___ Provided data ___

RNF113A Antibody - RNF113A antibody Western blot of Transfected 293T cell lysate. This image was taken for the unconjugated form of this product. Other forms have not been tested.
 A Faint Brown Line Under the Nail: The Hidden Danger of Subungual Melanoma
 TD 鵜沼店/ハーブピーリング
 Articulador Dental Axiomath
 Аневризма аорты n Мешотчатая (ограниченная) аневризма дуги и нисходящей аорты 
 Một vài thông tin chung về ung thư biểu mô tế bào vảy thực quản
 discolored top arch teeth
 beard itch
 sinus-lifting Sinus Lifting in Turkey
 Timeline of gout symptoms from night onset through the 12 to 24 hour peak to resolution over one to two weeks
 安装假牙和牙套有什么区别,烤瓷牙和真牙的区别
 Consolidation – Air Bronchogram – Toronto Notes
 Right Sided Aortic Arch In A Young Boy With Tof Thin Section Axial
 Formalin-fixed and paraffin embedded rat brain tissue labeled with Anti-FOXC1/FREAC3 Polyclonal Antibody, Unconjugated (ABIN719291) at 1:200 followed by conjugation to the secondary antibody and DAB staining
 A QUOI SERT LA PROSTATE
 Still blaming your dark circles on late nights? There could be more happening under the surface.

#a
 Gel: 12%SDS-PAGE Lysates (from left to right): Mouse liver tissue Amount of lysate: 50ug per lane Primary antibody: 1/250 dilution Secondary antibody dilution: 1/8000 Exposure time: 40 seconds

___

#### [Aim of the task]
Working down from the line that contains "安装假牙和牙套有什么区别,烤瓷牙和真牙的区别", retype each line exactly through the last line of the data, and give nothing else.

#### [Result for this task]
 安装假牙和牙套有什么区别,烤瓷牙和真牙的区别
 Consolidation – Air Bronchogram – Toronto Notes
 Right Sided Aortic Arch In A Young Boy With Tof Thin Section Axial
 Formalin-fixed and paraffin embedded rat brain tissue labeled with Anti-FOXC1/FREAC3 Polyclonal Antibody, Unconjugated (ABIN719291) at 1:200 followed by conjugation to the secondary antibody and DAB staining
 A QUOI SERT LA PROSTATE
 Still blaming your dark circles on late nights? There could be more happening under the surface.

#a
 Gel: 12%SDS-PAGE Lysates (from left to right): Mouse liver tissue Amount of lysate: 50ug per lane Primary antibody: 1/250 dilution Secondary antibody dilution: 1/8000 Exposure time: 40 seconds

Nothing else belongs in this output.